A: They have all been used as sources of real-world randomness.

True randomness is impossible to achieve using only a computer. Input A always produces Output B, and this deterministic logic is repeatable and predictable. A random number should be unpredictable and independent of previous results, leaving applications to look outside of themselves to seed algorithms with real-world sources of randomness.

Public blockchains, however, are designed to function in a decentralized and trustless fashion, and not rely on outside, centralized factors. While a 3rd party oracle such as NIST can provide random numbers, this can also create a single point of failure and the need to trust a centralized, non-transparent (and thus manipulatable) source. It is better to facilitate random number generation on-chain, through decentralized processes.

Randomness is vital to maintaining a fair and autonomous transaction agreement process in a blockchain. While block producers are chosen based on the size of their investment and risk (for example their total mining rig power, or percentage of stake in the protocol), an element of chance should also exist. Randomness prevents manipulation, monopolization, and network takeover by a conspiring group of malicious nodes.

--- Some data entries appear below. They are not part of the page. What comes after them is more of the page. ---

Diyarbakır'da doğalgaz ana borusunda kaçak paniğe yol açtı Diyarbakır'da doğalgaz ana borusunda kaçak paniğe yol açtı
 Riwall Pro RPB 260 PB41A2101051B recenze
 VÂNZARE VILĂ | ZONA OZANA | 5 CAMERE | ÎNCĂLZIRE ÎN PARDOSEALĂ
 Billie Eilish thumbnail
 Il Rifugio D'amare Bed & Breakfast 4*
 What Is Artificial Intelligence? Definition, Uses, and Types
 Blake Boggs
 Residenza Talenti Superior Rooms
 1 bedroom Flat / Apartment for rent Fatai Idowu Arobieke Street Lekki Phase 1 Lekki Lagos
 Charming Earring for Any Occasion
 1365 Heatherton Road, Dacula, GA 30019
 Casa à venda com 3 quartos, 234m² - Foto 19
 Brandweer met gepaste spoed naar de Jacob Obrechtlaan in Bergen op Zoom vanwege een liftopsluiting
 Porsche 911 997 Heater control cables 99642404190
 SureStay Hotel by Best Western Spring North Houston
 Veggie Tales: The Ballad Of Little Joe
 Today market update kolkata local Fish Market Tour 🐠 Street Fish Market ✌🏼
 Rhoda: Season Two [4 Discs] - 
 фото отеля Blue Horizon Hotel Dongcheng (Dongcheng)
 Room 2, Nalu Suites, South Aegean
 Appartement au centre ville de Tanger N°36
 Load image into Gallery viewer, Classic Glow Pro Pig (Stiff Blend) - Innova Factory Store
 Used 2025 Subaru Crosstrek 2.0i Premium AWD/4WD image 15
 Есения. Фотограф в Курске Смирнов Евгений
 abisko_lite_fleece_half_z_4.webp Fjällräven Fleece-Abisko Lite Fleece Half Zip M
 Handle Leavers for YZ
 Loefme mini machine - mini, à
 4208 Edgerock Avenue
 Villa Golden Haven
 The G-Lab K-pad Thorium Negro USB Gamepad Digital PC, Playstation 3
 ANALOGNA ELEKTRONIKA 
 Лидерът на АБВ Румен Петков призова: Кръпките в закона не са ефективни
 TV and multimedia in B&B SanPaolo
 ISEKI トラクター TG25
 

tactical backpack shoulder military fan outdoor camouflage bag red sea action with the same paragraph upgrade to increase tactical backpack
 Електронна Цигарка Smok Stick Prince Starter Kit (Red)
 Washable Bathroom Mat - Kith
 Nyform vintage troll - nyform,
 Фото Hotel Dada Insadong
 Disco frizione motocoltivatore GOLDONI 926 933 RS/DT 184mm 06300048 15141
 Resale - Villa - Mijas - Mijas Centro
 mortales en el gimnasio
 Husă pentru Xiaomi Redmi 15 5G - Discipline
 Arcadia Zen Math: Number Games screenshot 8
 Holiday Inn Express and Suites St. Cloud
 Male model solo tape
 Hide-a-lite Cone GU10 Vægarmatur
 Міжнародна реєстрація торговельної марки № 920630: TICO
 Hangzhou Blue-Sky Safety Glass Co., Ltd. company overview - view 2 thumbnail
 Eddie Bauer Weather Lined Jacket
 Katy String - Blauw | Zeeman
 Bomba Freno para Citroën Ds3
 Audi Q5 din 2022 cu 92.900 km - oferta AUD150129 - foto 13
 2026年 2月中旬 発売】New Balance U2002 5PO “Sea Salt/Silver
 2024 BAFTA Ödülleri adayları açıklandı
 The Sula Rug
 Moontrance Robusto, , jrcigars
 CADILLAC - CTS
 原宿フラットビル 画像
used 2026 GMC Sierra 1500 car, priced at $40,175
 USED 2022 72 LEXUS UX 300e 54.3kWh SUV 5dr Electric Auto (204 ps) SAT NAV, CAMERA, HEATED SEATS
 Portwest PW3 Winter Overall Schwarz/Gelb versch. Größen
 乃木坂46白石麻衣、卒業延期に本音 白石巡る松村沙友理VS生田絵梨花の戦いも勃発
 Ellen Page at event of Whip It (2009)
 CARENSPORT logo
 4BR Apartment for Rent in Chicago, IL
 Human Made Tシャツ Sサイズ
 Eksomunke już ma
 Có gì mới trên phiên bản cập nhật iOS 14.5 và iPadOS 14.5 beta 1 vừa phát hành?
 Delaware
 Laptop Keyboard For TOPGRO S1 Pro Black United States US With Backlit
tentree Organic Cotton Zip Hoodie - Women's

In Proof of Work (POW), randomness in block producers is built into the protocol. As Vitalik Buterin states, "the mining process in a random and unpredictable way “assigns” miners the right to create a block whenever they are lucky and discover a hash solution.” However, POW is resource intensive, and thus many protocols (including Eth 2.0) are shifting to a Proof of Stake (POS) type of protocol.

In POS, there is no intrinsic source of randomness in the block producer (validator) selection process, so randomness must be introduced in another way. One way to achieve reliable randomness is by using sources of data provided by the validators themselves.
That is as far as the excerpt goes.